What you will do: In the records below, find the line containing "I hope you like" and restate it and all lines after it exactly, through the last line.

##########

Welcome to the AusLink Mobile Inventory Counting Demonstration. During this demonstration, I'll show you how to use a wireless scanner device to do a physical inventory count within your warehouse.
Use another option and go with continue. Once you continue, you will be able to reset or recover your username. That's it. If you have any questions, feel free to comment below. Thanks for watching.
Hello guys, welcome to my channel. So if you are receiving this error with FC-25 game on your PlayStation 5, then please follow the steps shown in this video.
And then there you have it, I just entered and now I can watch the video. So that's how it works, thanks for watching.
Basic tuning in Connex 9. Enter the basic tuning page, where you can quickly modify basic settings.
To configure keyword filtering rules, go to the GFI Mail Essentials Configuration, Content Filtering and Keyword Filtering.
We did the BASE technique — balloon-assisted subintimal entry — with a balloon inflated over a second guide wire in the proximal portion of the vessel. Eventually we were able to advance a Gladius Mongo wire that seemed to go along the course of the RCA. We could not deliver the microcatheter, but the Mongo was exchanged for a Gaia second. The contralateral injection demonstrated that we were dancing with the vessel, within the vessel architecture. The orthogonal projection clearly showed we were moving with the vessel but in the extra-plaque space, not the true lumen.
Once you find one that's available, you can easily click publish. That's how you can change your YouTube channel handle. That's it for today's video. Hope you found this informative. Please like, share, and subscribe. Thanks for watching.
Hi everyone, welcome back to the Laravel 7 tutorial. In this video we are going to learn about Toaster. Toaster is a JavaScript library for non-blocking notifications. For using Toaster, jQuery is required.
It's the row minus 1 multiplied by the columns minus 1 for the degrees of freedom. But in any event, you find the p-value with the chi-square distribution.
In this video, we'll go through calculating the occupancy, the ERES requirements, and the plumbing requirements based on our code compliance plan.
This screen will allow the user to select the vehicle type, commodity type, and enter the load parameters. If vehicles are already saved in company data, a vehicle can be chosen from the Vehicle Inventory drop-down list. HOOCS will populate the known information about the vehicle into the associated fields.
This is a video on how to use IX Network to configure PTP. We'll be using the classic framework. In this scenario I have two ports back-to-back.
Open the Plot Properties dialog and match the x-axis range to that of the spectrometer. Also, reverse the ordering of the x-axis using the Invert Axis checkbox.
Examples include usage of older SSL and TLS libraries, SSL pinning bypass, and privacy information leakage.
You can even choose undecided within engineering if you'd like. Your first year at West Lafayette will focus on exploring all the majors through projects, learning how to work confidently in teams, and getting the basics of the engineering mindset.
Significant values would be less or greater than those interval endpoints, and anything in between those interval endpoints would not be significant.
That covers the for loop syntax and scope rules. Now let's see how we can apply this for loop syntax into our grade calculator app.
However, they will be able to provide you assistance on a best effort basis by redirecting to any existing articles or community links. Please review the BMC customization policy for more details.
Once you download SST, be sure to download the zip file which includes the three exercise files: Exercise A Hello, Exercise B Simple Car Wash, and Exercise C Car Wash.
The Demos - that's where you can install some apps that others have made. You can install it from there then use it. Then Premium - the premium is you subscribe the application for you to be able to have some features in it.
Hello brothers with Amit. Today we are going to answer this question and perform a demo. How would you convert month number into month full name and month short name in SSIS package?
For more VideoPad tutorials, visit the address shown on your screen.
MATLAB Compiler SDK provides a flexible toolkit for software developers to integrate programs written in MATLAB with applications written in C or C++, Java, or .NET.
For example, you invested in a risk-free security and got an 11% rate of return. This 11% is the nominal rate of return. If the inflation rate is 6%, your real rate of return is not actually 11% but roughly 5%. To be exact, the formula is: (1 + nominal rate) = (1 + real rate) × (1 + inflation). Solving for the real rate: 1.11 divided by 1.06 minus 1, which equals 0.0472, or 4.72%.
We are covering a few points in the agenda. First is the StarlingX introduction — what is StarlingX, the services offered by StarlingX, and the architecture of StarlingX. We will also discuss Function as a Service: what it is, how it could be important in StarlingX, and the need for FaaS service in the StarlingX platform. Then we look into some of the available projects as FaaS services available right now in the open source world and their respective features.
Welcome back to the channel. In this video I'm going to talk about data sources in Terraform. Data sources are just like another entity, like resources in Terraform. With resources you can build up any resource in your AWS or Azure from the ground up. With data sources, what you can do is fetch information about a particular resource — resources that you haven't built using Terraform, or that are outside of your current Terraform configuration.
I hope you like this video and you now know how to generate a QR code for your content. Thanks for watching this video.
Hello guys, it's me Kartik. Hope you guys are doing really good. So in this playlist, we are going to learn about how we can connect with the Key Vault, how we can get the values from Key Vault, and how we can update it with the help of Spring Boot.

##########

Reply to the task:
I hope you like this video and you now know how to generate a QR code for your content. Thanks for watching this video.
Hello guys, it's me Kartik. Hope you guys are doing really good. So in this playlist, we are going to learn about how we can connect with the Key Vault, how we can get the values from Key Vault, and how we can update it with the help of Spring Boot.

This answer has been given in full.